Learning corrections (259 active) are injected as first-class graph nodes and connected to relevant workspace nodes via cosine similarity. This means the graph retrieves not just workspace content but how to avoid past mistakes.
6. How It Compares
| Plain RAG | OpenClawBrain | |
|---|---|---|
| Retrieval | Similarity search | Learned graph traversal |
| Feedback | None | +1/-1 outcomes update edge weights |
| Wrong answers | Keep resurfacing | Inhibitory edges suppress them |
| Over time | Same results | Routes compile to reflex behavior |
| Dependencies | Vector DB | Python core; optional embedding/LLM callbacks |
Positioning against related systems
MemGPT: a runtime memory operating-system stack, while OpenClawBrain is a routing layer. Think of it as a graph policy for what to retrieve and feed next, not a replacement memory system.
Reflexion: textual reflection over time, whereas OpenClawBrain stores learned routing decisions as numeric edge weights over a graph.
Self-RAG: generation-level self-critique and revision; OpenClawBrain is retrieval-routing-level learning that shapes traversal before generation.
Related family: bandit-style routing and learning-to-rank ideas motivate the same principle in other forms — choose actions with feedback; OpenClawBrain applies it inside a sparse document graph with explicit STOP and edge-level inhibition.
7. Limitations and Conclusion
Limitations
- The current paper page presents the 15 reproducible simulation classes listed above, including ablations and robustness checks.
- Routing quality depends on seeding quality: poor embeddings or weak seeders produce weak starting routes, and we do not yet have a formal open benchmark gap-filling procedure for seeding failure modes.

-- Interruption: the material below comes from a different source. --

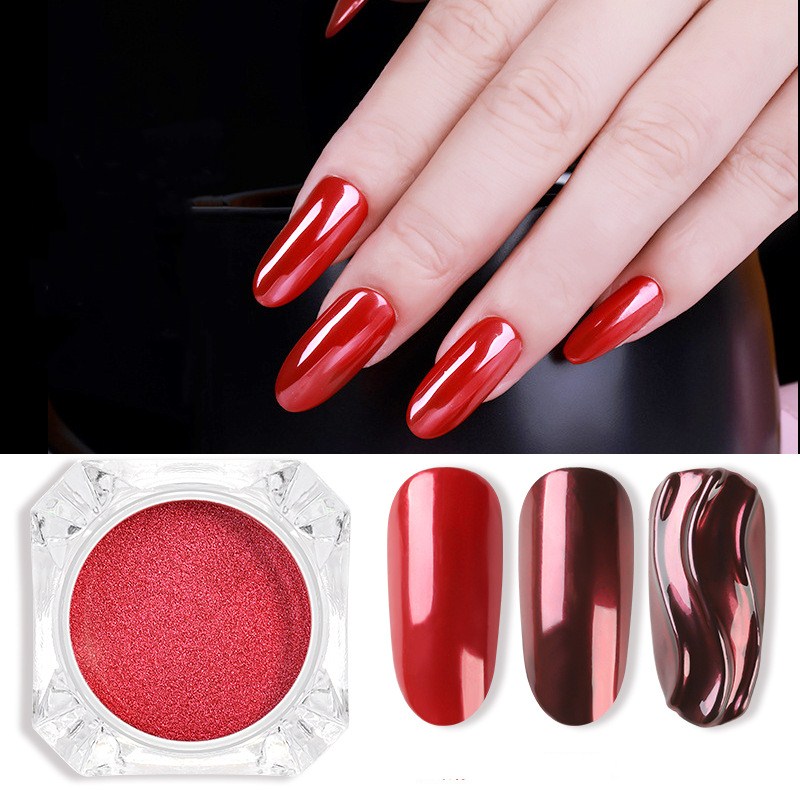 

New Nail Mirror Flour China Red Water Ripple Rose Metal Magic Mirror Powder Nail Glitter Decoration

- Absolute magnitudes depend on synthetic setup and parameter choices in each simulator.
- Autotune and traversal behavior should still be treated as adaptive heuristics for further real-workload calibration.
Conclusion
OpenClawBrain improves retrieval accuracy through graph-structured traversal (+7.7% on MultiHop-RAG, +33.6% on HotPotQA versus embedding-only baselines) and compresses context on repeated tasks through trajectory-level learning (30→2.7 nodes in simulation, 52--66KB→3--13KB in production).
The true REINFORCE policy gradient keeps edge weights bounded (53.68 vs 71.20 total weight) and suppresses distractor edges more effectively (0.3124 vs 0.4226 average distractor weight). Benefits depend on graph structure and repeated-query patterns; with diverse one-off queries, learning can add little or degrade accuracy.
References
- Gu, J. (2016). Corrected policy-gradient update rules for reinforcement learning. UCLA Econometrics Field Paper. [Background and derivation]

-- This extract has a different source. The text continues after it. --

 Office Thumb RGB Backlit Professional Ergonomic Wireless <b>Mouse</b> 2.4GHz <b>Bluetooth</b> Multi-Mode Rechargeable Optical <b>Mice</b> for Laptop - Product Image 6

- Gu, J. (2016). Corrected policy-gradient update for recurrent action sequences. UCLA Econometrics Field Paper. [PDF]
- Williams, R. J. (1992). Simple statistical gradient-following algorithms for connectionist reinforcement learning. Machine Learning, 8(3–4), 229–256.
- Collins, A. M. & Loftus, E. F. (1975). A spreading-activation theory of semantic processing. Psychological Review, 82(6), 407–428.
- Graves, A., Wayne, G. & Danihelka, I. (2014). Neural Turing Machines. arXiv:1410.5401.
- Graves, A. et al. (2016). Hybrid computing using a neural network with dynamic external memory. Nature, 538, 471–476.
- Park, J. S. et al. (2023). Generative agents: Interactive simulacra of human behavior. UIST 2023.
- Wang, G. et al. (2023). Voyager: An open-ended embodied agent with large language models. arXiv:2305.16291.
- Packer, C. et al. (2023). MemGPT: Towards LLMs as operating systems. arXiv:2310.08560.
- Shinn, N. et al. (2023). Reflexion: Language agents with verbal reinforcement learning. NeurIPS 2023.
- Yao, S. et al. (2023). ReAct: Synergizing reasoning and acting in language models. ICLR 2023.
- Asai, A. et al. (2024). Self-RAG: Learning to retrieve, generate, and critique through self-reflection. ICLR 2024.
- Sun, J. et al. (2024). Think-on-Graph: Deep and responsible reasoning of large language model on knowledge graph. ICLR 2024.